Le rapport souligne que l’évaluation des effets de la technologie doit se focaliser sur les résultats de l’apprentissage plutôt que sur le simple déploiement des outils numériques. Des exemples tels que celui du Pérou, où la distribution d’ordinateurs portables ne s’est pas accompagnée d’une intégration pédagogique, montrent que la technologie seule n’est pas gage d’une amélioration de l’apprentissage. De même, le recours exclusif à l’enseignement à distance aux États-Unis a creusé les inégalités scolaires. Le rapport met également en garde contre un recours inadapté ou excessif à la technologie, citant les effets néfastes de l’utilisation excessive des TIC sur les performances des élèves.

Les données sont-elles fiables ?

Les technologies évoluent à un rythme tellement soutenu que bien souvent, l’évaluation n’arrive pas à suivre la cadence. Les données proviennent essentiellement de pays riches, ce qui interroge sur la possibilité de les généraliser. Le rapport révèle qu’au Royaume-Uni, à peine 7 % des entreprises de technologie éducative ont mené des essais contrôlés randomisés, témoignant ainsi de l’absence d’évaluation rigoureuse. Faire la part des choses entre les effets de la technologie et d’autres facteurs représente une tâche ardue ; il est donc difficile de tirer des conclusions précises. En outre, les entreprises technologiques exercent une influence sur la production de données probantes, ce qui soulève un problème de crédibilité.

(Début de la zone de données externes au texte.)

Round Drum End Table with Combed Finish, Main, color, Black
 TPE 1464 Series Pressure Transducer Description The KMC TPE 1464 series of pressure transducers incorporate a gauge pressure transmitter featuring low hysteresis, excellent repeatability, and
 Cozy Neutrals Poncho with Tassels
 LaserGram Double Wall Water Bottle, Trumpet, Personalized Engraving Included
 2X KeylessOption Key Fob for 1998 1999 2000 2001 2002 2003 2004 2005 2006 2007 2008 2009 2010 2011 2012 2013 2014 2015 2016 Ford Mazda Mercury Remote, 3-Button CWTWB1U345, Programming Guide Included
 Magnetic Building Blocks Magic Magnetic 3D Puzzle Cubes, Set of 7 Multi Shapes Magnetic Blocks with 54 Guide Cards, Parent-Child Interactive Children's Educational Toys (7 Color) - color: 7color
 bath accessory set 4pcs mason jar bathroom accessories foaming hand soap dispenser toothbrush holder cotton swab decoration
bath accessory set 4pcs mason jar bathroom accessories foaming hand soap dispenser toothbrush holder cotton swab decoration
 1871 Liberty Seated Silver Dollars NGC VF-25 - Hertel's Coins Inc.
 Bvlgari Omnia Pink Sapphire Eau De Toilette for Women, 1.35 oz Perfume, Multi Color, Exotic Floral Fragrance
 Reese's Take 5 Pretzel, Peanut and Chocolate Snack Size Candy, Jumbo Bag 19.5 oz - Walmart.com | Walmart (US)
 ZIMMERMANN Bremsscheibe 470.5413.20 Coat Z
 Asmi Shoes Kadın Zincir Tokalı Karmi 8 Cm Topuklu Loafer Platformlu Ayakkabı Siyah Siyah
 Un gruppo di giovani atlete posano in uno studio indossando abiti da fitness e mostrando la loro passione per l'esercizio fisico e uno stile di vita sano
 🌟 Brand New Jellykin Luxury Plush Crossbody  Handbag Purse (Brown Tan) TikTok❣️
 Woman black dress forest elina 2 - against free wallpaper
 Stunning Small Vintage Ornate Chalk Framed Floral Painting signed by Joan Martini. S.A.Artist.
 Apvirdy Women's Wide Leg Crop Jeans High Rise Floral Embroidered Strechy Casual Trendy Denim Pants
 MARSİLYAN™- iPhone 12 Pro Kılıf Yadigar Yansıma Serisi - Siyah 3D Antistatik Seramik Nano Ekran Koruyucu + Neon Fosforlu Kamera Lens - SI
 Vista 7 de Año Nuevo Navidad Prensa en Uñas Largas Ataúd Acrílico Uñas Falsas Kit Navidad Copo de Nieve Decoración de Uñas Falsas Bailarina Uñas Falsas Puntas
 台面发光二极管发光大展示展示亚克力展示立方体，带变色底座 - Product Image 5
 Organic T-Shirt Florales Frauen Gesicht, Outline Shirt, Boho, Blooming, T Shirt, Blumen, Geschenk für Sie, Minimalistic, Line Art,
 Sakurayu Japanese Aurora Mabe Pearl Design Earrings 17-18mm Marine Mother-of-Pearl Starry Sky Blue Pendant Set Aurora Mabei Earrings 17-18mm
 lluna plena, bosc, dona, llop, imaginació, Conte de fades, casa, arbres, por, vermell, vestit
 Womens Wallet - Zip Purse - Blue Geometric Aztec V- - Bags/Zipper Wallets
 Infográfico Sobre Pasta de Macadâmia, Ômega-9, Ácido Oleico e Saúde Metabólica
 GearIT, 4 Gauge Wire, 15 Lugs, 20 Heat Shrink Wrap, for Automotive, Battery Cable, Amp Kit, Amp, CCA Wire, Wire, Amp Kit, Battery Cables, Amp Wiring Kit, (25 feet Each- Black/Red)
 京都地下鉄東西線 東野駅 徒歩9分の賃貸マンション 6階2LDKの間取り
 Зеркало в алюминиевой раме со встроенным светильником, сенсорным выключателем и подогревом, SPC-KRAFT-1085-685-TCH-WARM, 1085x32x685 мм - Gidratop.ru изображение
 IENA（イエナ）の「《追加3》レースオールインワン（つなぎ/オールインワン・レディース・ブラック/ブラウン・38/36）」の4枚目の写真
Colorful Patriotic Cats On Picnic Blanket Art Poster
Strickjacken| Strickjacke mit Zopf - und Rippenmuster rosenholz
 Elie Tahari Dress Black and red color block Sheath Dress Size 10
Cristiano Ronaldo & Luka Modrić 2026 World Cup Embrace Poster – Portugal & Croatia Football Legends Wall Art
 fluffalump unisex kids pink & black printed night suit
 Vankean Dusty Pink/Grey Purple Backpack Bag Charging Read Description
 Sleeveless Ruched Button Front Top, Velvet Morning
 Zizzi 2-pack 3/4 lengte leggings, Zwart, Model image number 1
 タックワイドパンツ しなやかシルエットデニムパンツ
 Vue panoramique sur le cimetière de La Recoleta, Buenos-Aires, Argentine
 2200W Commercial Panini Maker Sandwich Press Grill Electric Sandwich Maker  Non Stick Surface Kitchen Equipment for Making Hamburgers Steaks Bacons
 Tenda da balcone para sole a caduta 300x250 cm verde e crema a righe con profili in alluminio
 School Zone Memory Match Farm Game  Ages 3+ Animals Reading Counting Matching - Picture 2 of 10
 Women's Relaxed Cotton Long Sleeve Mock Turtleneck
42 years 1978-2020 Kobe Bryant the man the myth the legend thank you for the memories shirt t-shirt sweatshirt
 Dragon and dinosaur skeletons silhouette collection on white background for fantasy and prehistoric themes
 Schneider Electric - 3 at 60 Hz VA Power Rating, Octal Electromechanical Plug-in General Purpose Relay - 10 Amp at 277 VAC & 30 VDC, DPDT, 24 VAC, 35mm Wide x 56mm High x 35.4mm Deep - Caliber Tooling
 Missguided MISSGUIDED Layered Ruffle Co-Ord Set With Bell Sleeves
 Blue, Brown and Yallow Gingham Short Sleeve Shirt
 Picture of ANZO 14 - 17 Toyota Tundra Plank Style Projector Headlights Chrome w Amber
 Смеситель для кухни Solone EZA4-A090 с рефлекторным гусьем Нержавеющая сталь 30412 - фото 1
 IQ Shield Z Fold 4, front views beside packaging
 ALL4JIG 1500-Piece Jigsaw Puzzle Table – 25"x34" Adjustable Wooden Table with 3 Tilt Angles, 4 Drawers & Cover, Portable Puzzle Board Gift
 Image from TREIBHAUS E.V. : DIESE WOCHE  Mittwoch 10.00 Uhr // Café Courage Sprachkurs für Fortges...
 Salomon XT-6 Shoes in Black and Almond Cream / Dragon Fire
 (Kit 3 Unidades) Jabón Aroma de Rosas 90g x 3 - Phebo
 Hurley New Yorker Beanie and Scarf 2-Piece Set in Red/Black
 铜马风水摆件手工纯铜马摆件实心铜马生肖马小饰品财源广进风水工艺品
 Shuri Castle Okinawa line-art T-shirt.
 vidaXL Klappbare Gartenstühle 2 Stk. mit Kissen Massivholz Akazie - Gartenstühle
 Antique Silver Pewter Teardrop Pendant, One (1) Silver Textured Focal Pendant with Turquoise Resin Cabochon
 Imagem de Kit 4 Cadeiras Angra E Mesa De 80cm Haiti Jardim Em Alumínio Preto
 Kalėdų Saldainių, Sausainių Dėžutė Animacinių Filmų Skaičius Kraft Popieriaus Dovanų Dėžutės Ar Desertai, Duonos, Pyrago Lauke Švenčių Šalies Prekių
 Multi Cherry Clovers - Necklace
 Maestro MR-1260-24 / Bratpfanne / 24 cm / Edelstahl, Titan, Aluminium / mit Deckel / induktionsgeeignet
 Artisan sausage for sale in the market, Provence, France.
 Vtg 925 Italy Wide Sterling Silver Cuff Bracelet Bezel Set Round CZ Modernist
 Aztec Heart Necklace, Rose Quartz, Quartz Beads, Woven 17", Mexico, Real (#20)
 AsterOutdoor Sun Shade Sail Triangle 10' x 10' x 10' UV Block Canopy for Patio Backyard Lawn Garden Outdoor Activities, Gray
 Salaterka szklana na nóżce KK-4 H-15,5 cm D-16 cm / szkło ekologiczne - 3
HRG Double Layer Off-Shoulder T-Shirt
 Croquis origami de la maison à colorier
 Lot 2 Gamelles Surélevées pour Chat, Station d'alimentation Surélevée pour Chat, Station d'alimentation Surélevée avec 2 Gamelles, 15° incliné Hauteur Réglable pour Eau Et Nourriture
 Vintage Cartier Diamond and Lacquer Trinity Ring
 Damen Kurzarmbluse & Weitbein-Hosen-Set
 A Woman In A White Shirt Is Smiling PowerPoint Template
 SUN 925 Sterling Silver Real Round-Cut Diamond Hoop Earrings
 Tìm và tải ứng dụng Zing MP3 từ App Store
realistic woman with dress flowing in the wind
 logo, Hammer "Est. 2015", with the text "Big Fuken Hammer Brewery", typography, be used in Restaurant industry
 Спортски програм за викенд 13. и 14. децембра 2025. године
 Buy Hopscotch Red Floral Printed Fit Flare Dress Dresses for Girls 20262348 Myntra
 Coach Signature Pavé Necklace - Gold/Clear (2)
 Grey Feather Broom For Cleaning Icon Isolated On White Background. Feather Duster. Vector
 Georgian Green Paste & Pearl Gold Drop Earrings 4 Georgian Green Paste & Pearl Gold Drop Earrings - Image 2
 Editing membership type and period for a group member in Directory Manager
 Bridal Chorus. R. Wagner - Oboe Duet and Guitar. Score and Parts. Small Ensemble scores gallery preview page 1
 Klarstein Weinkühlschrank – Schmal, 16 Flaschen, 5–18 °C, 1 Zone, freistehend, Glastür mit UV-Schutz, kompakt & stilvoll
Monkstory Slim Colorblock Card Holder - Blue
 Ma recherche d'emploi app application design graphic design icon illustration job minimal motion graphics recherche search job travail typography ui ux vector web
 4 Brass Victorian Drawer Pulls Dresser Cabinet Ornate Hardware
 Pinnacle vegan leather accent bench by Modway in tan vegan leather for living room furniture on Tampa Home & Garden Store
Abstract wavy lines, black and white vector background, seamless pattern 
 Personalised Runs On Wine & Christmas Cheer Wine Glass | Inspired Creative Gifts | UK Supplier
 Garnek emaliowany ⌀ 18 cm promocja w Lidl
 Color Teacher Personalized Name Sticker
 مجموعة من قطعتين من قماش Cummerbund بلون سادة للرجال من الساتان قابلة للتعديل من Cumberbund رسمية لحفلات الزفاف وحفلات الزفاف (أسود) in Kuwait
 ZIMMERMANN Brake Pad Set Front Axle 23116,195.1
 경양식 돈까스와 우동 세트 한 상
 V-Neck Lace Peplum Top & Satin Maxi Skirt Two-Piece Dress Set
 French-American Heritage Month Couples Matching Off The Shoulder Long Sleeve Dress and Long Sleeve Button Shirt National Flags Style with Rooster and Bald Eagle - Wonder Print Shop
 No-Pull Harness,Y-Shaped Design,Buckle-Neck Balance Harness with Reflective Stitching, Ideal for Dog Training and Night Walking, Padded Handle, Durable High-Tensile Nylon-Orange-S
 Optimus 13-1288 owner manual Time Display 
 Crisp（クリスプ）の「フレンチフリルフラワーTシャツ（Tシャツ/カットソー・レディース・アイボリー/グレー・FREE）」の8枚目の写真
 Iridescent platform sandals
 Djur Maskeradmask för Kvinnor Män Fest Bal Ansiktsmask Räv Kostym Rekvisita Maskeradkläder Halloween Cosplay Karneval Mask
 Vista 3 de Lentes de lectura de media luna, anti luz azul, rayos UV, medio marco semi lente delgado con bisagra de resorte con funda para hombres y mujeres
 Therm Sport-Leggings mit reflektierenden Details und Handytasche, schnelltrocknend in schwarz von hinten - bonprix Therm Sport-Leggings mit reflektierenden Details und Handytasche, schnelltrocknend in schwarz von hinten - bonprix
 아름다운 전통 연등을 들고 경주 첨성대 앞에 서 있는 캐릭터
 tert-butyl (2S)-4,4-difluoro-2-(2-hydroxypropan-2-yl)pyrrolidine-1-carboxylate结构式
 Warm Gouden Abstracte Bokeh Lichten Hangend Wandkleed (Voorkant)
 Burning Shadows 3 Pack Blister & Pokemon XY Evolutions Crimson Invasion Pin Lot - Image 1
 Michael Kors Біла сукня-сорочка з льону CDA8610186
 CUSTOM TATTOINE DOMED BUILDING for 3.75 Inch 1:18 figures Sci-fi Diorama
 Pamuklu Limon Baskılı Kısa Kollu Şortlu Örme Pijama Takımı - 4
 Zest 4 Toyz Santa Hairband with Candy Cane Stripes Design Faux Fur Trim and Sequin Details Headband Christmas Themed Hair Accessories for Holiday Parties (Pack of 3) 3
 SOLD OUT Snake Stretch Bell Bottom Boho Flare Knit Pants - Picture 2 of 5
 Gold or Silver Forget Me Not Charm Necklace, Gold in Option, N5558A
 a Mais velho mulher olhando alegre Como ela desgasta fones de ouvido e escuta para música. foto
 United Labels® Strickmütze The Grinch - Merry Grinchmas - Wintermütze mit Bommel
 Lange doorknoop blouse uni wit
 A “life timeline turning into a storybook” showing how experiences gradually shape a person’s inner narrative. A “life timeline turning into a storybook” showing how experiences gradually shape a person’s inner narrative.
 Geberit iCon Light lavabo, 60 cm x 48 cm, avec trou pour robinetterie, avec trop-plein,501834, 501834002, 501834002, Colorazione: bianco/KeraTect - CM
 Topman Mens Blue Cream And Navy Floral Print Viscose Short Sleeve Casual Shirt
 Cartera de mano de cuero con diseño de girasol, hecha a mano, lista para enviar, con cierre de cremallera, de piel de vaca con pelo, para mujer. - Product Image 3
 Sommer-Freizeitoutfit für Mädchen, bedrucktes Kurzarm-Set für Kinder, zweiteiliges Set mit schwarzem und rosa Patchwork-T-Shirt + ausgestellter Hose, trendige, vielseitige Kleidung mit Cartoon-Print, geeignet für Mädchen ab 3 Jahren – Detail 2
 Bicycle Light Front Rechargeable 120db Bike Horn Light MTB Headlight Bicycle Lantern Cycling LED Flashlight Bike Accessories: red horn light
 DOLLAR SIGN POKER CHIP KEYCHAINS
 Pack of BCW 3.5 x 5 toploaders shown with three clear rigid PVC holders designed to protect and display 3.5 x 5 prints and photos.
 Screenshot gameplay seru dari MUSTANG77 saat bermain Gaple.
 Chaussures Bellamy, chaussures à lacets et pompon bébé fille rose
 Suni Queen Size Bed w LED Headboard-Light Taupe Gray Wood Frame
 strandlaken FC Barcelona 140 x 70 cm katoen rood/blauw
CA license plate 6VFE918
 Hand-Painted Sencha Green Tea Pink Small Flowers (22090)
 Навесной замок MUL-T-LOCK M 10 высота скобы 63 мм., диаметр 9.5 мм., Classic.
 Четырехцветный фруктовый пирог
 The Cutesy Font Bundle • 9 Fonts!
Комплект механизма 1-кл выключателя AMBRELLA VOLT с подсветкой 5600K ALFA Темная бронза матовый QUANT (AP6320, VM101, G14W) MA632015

Existe-t-il des recommandations sur l’intégration judicieuse de la technologie à l’éducation ?

Alors que l’IA gagne en importance, le rapport fait valoir que toute évolution technologique n’est pas synonyme de progrès. L’adoption de la technologie doit être sous-tendue par un cadre centré sur l’apprenant et fondé sur les droits, qui garantit qu’elle soit pertinente, équitable, fruit d’une décision rationnelle et pérenne. Le rapport présente quatre points cardinaux à l’intention des décideurs :

  • avoir une vue d’ensemble : évaluer le contexte et les objectifs d’apprentissage pour faire en sorte que les solutions technologiques consolident les systèmes éducatifs ;
  • ouvrir les yeux : accorder la priorité aux groupes marginalisés afin que la technologie profite à tous les apprenants et réduise les inégalités scolaires ;
  • prendre du recul : baser ses décisions sur des éléments probants et tenir compte des coûts à long terme avant de généraliser une initiative technologique ;
  • tourner son regard vers l’avenir : faire coïncider l’intégration d’une technologie avec les objectifs de développement durable, en prenant en considération les implications financières, le bien-être des enfants et les conséquences sur l’environnement.

Technology in education: A tool on whose terms

Du 4 au 7 septembre, la Semaine de l’apprentissage numérique de l’UNESCO réunira des décideurs, des professionnels, des enseignants, des partenaires du secteur privé, des chercheurs et des agences de développement, qui étudieront ensemble la façon dont les plates-formes publiques d’apprentissage numérique et l’IA générative peuvent être guidées de manière à renforcer et à enrichir une éducation de qualité centrée sur l’humain.